Operations include: addition, subtraction, multiplication, division, square root, exponentiation, trigonometric functions, and other differentiable operations.
Data has leaf nodes which are created by user and non-leaf node. The difference is after back propagation, gradient of non-leaf nodes will be released to save memory. If we want to retain non-leaf node gradient, we have to use retain_grad
.
Tensor
Tensor in Pytorch has the following attributes:
- data: stored data
- require_grad: whether need to compute gradient. Self-defined leaf nodes usually default require_grad as False, and non-leaf nodes default as True. Neural network weights default as True.
- grad: grad holds the value of gradient. Each time when performing a backward computation, you need to reset (zero out) the gradients from the previous step; otherwise, the gradient values will keep accumulating.
- grad_fn: This is the backward function used to calculate the gradient. Leaf nodes usually have
None
for their grad_fn, and only the result nodes have a valid grad_fn, which indicates the type of gradient function. - is_leaf
Gradient Computation
There are two ways to compute grad in Pytorch.
- Backward(): used to compute grad for leaf node.
- torch.autograd.grad() : Automatic grad computation
Backward
Let’s first take a look at backward()
function.
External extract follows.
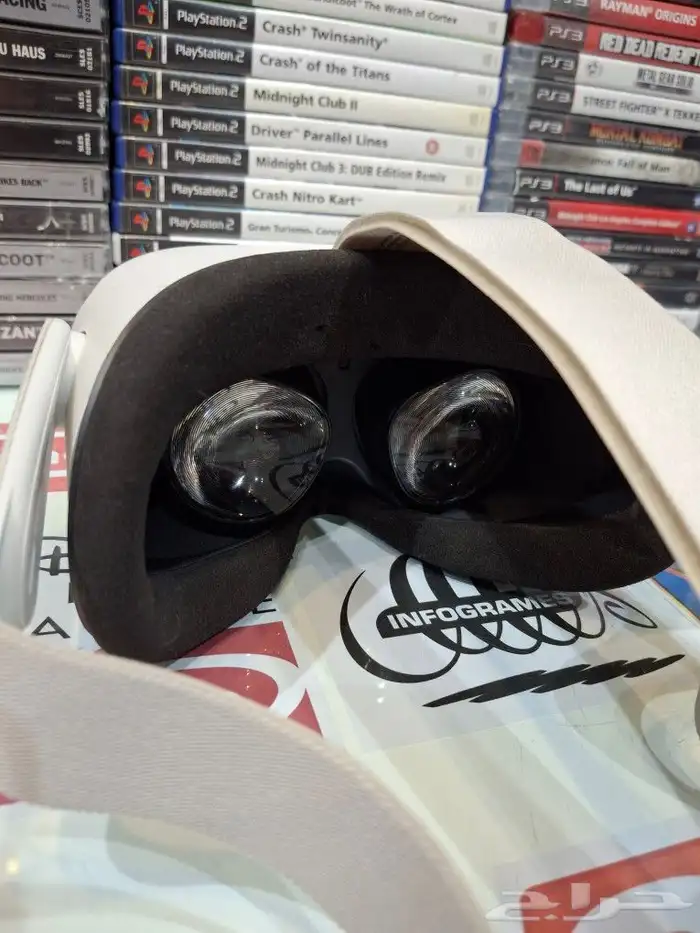 للبيع ميتا كويست 2 4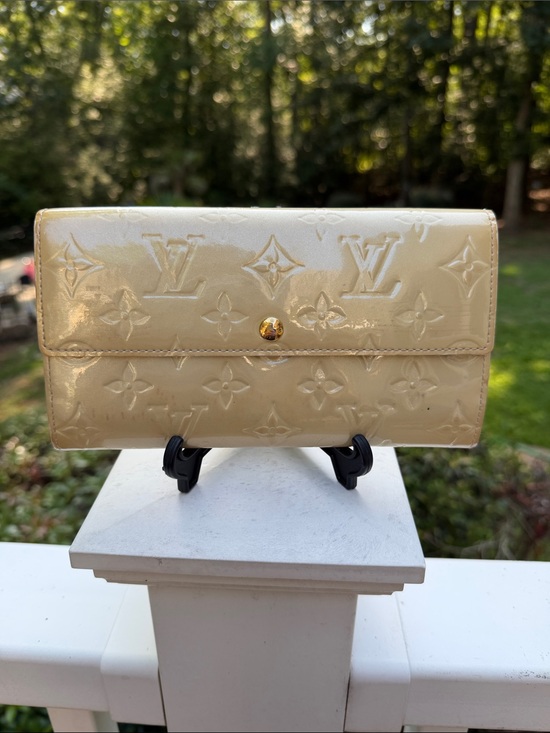 Louis Vuitton Handbags - Louis Vuitton Shiny Cream Vernis Monogram Wallet with Gold Button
The definition of the backward()
function of the torch.autograd
is as follows
torch.autograd.backward(
tensors,
grad_tensors=None,
retain_graph=None,
create_graph=False,
grad_variables=None
)
Here is the meaning of the parameters here:
tensor: The tensor used for gradient computation. In other words, these two ways are equivalent:
torch.autograd.backward(z) == z.backward()
. grad_tensors: Used when computing gradients for matrices. It is also a tensor, and its shape generally needs to match the shape of the preceding tensor. retain_graph: Normally, after calling backward once, PyTorch will automatically destroy the computation graph. So if you want to call backward on a variable multiple times, you need to set this parameter to True. create_graph: When set to True, it allows the computation of higher-order gradients. grad_variables: According to the official documentation, “grad_variables is deprecated. Use grad_tensors instead.” In other words, this parameter will likely be removed in future versions, so just use grad_tensors.
Note that here t.backward()
is equivalent to torch.autograd.backward(t)
.
Scaler Backward
By default, autograd can only compute gradient for a scaler using backward
function. For example:
x = torch.tensor(2.0, requires_grad=True)
y = torch.tensor(3.0, requires_grad=True)
z = x**2+y
z.backward()
print(z, x.grad, y.grad)
# tensor(7., grad_fn=<AddBackward0>) tensor(4.) tensor(1.)
Tensor Backward
x = torch.ones(2,requires_grad=True)
z = x + 2
z.backward()
# raise RuntimeError: grad can be implicitly created only for scalar outputs
x = torch.ones(2,requires_grad=True)
z = x + 2
z.backward(torch.ones_like(z))
We can sum z
here to compute the grad. Or we can use the grad_tensor
to multiply with z
to compute the tensor.
Autograd
The internal nodes gradient are compute with autograd. Its interface is defined as below:
# pytorch interface
torch.autograd.grad(
outputs,
inputs,
grad_outputs=None,
retain_graph=None,
create_graph=False,
only_inputs=True,
allow_unused=False
)
We can also compute the gradient for leaf node using autograd. For example,
import torch
x = torch.tensor(2.0, requires_grad=True)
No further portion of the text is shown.